River in Sheffield, England

The Ochre Dyke is a small stream in the south eastern part of the City of Sheffield in South Yorkshire, England. It rises some 100m to the east/south east of the ruined barn known as Eckington Lees. This is at the extreme western end of Birley Wood Golf Course. Ochre Dyke flows east/south east along the southern border of the golf course and passes through Birley Wood; up to this point it is the county boundary between South Yorkshire and North East Derbyshire. During summer months the brook frequently dries up to this point. The Ochre dyke gets its name from the pollution of the water by yellow ochre (Iron Oxide) as a result of coal mining activity in the upper reaches of the valley. The area in and around Birley wood was extensively mined for coal and black-band iron ore from at least the medieval period up to the mid 20th century when Dent Main Colliery closed.
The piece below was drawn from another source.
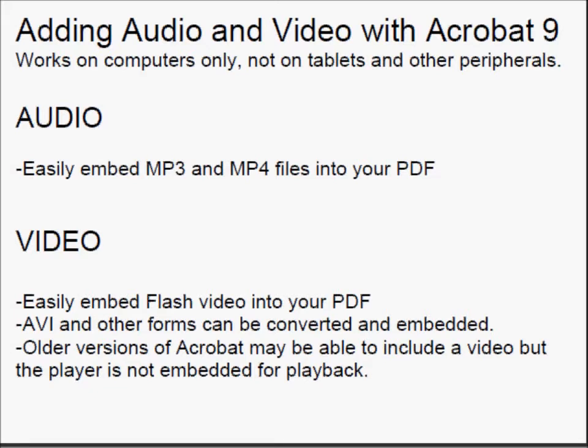For video, we are working in Acrobat 9, which can embed Flash easily, and it can convert other formats to Flash to embed. This process does not need an external player. If you're working on an older version of Acrobat, you can still place AVI or QuickTime files, but they will need an external viewer. We only recommend embedding with Flash because it's much simpler and it has the on-board player.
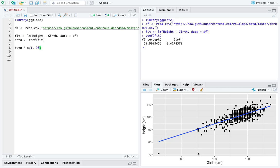We want to predict what we expect height to be when girth is about 90, and in fact in this case we expect height to be about 90.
Other mines along the course of the stream were Moorhole Colliery East, Moorhole Colliery North and Moorhole Colliery South.

After passing Birley Moor Road, the brook flows through Owlthorpe, past the Crystal Peaks shopping centre, before heading into Beighton and passing beneath Sothall Green at its junction with the main road. The stream eventually flows into the River Rother.

The Ochre Dyke has never been used for powering Sickle grinding wheels, unlike the nearby Shire Brook which has hosted several wheels including the Nether Wheel, Carr Forge, Rainbow Forge and Cliff Wheel. The Cliff Wheel was located along the stream and was used for grinding.